Directions for this task —
In the entries that follow, the lines from the one with "Chromatic red dragon 3D print model" through the one with "Graduated Cylinder with" are the ones to write out, exactly and with both ends included. Nothing else should appear.

Available data —
[Start of section]
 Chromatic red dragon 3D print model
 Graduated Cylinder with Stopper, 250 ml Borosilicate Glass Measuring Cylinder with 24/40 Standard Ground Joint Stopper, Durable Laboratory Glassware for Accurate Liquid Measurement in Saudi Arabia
[End of section]
[Start of section]
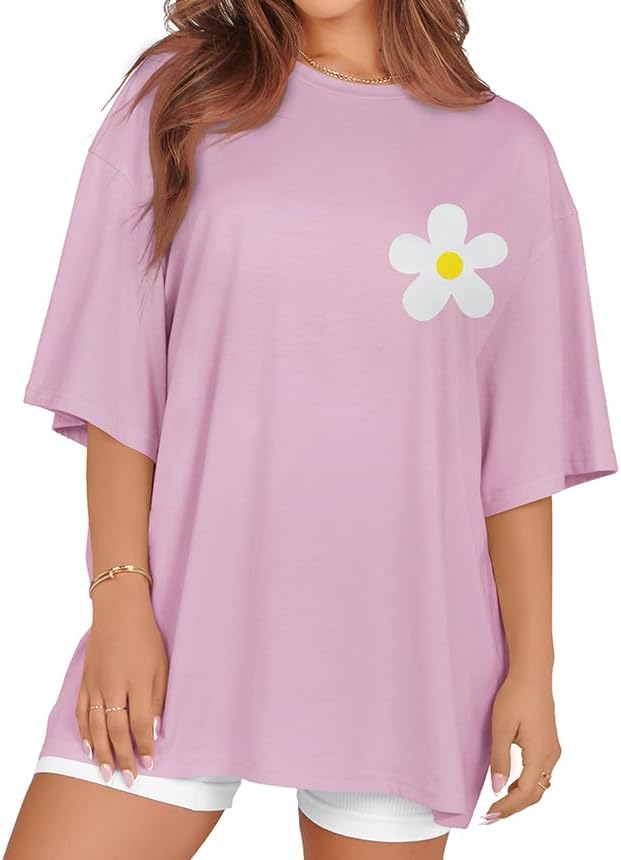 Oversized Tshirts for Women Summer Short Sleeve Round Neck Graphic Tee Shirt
[End of section]
[Start of section]
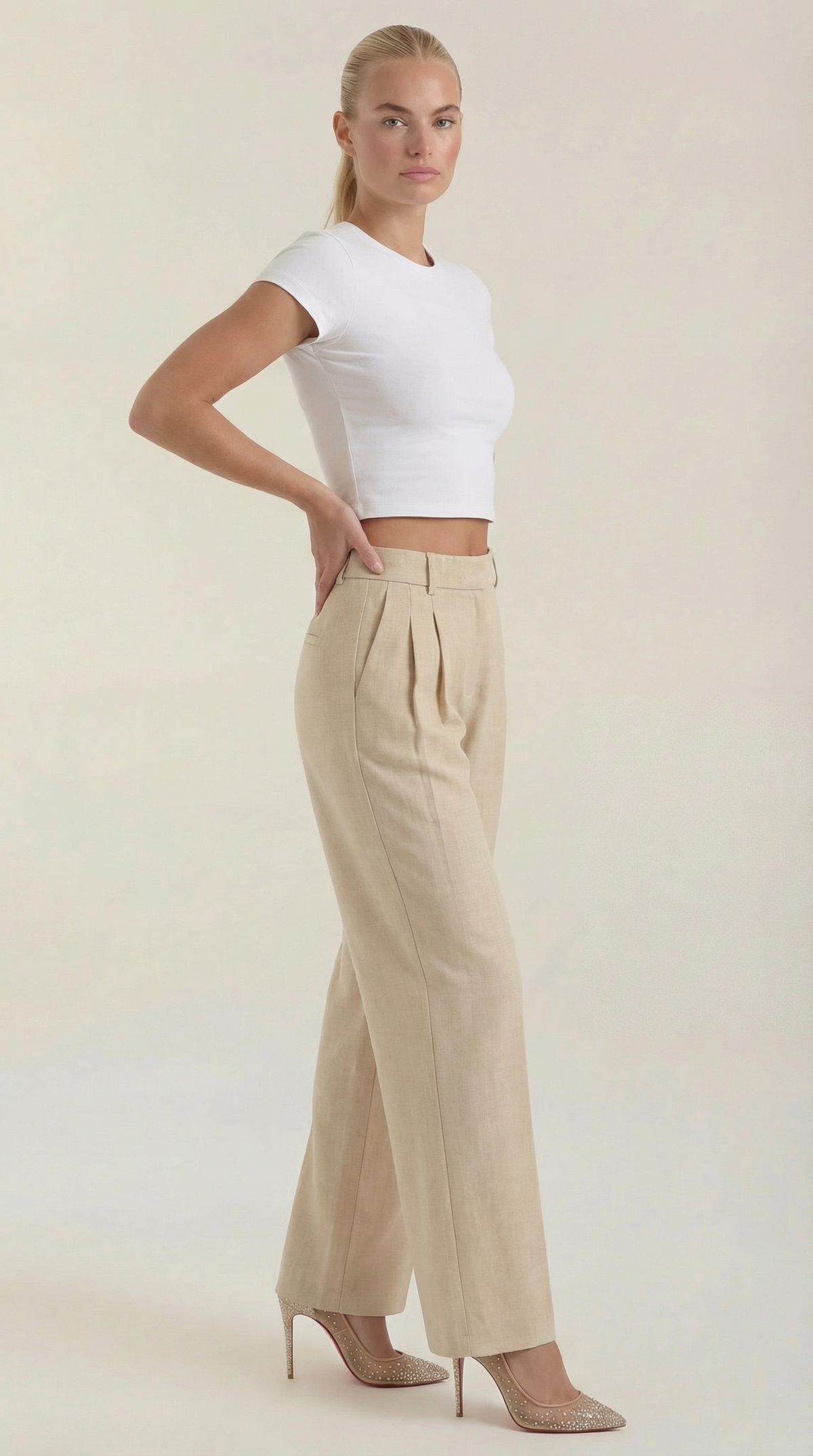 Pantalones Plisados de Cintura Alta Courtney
[End of section]
Result of the task —
 Chromatic red dragon 3D print model
 Graduated Cylinder with Stopper, 250 ml Borosilicate Glass Measuring Cylinder with 24/40 Standard Ground Joint Stopper, Durable Laboratory Glassware for Accurate Liquid Measurement in Saudi Arabia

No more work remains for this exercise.